* What the task asks *
Output the data word for word, dropping every image.

* Data provided *
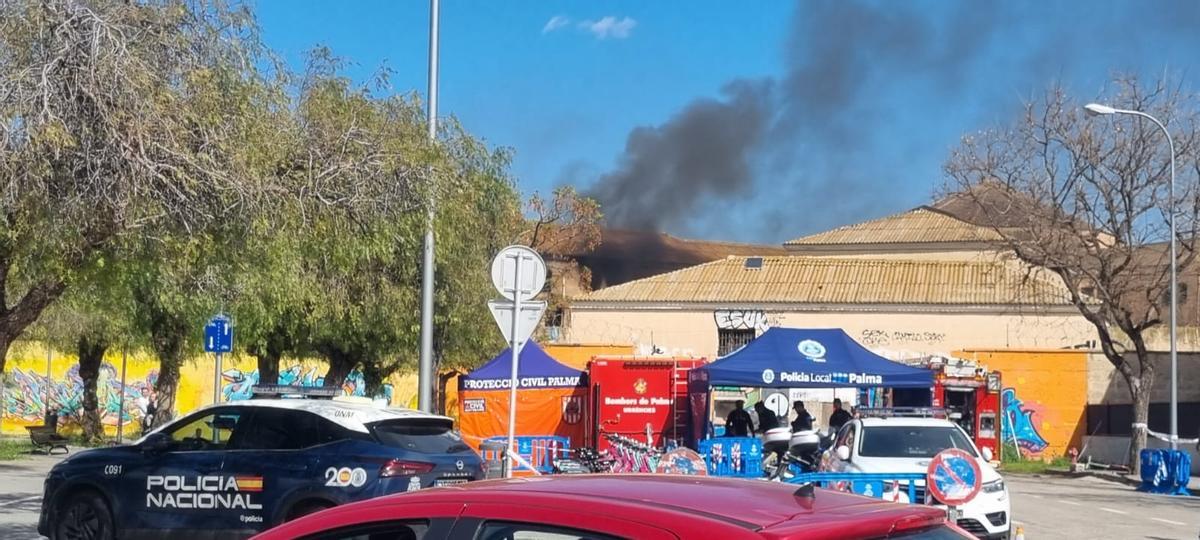 El nuevo incendio declarado este miércoles en la cárcel antigua de Palma.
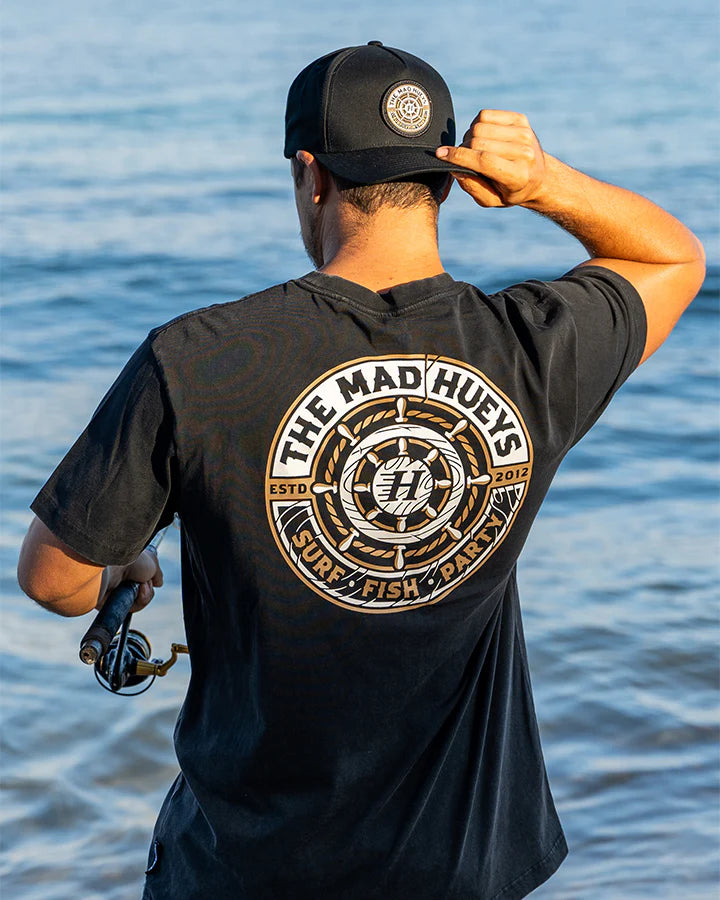 HUEYS SHIP WHEEL TEE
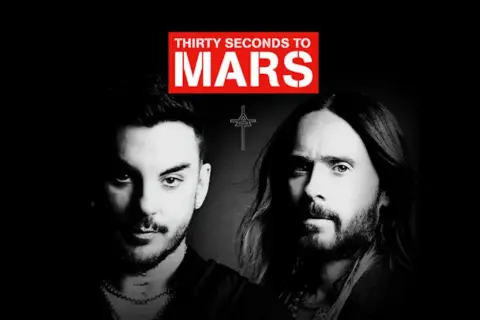 Jared Leto e Shannon Leto dei Thirty Seconds to Mars, con il logo della band in rosso.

* Problem solution *
 El nuevo incendio declarado este miércoles en la cárcel antigua de Palma.
 HUEYS SHIP WHEEL TEE
 Jared Leto e Shannon Leto dei Thirty Seconds to Mars, con il logo della band in rosso.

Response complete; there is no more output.